### Records for processing
• • •

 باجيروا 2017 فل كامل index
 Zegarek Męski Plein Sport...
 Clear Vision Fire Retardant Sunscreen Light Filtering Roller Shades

• • •

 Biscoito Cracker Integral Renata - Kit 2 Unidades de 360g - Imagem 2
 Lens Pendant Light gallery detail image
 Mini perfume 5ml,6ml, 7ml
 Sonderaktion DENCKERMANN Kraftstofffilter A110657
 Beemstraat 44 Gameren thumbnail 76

• • •

### Problem to solve
Taking the entries above, restate exactly those lines that fall between the line with "Biscoito Cracker Integral" and the line with "Beemstraat 44 Gameren thumbnail 76", keeping both of those lines too.

### Completed task
 Biscoito Cracker Integral Renata - Kit 2 Unidades de 360g - Imagem 2
 Lens Pendant Light gallery detail image
 Mini perfume 5ml,6ml, 7ml
 Sonderaktion DENCKERMANN Kraftstofffilter A110657
 Beemstraat 44 Gameren thumbnail 76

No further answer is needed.